• [YOUR ASSIGNMENT]: Within the material below, transcribe exactly the lines from the one holding "view of front of home featuring a pergola" through the one holding "Vaulted ceiling with", keeping both ends and skipping the rest.

• [DATA PROVIDED]:
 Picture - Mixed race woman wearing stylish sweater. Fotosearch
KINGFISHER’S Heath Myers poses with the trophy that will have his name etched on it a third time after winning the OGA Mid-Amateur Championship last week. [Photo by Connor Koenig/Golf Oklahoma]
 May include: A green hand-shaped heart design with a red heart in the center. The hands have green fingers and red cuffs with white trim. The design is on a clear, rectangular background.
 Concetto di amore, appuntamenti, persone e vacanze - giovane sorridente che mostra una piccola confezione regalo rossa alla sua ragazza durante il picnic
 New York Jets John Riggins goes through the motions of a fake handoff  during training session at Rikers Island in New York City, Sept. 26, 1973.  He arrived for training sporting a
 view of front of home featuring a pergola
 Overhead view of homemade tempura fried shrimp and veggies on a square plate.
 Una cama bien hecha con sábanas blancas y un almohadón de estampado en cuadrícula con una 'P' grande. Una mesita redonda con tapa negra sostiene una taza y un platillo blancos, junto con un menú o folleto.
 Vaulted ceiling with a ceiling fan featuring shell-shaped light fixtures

...

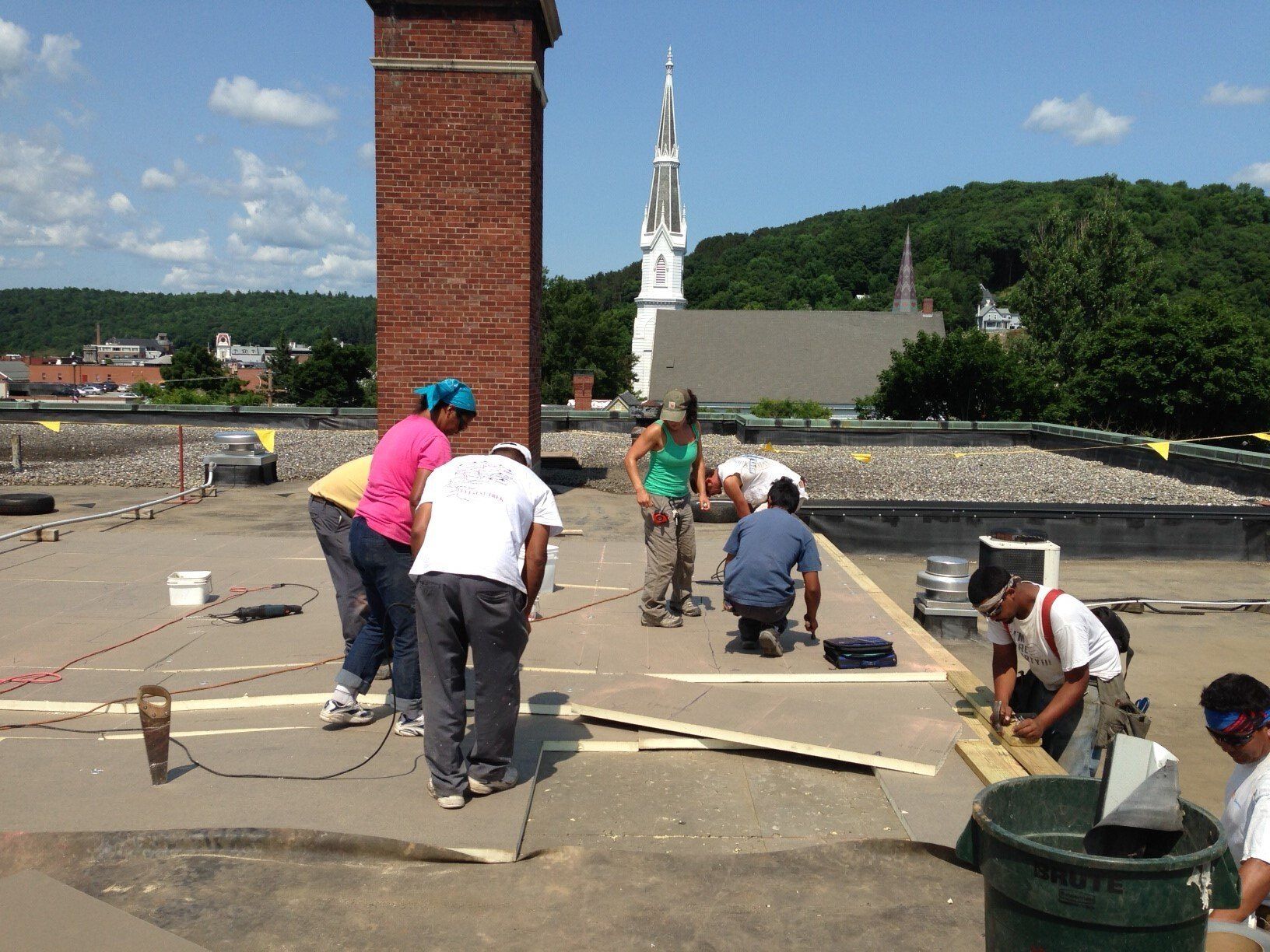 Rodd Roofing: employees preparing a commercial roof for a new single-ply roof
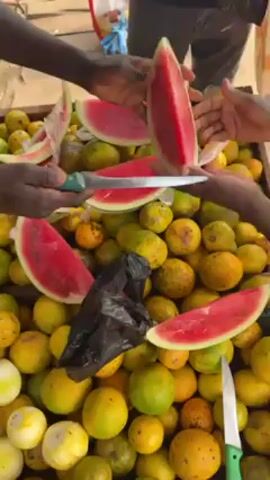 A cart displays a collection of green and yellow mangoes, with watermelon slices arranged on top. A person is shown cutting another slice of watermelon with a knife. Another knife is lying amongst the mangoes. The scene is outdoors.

• [REPLY TO THE TASK]:
 view of front of home featuring a pergola
 Overhead view of homemade tempura fried shrimp and veggies on a square plate.
 Una cama bien hecha con sábanas blancas y un almohadón de estampado en cuadrícula con una 'P' grande. Una mesita redonda con tapa negra sostiene una taza y un platillo blancos, junto con un menú o folleto.
 Vaulted ceiling with a ceiling fan featuring shell-shaped light fixtures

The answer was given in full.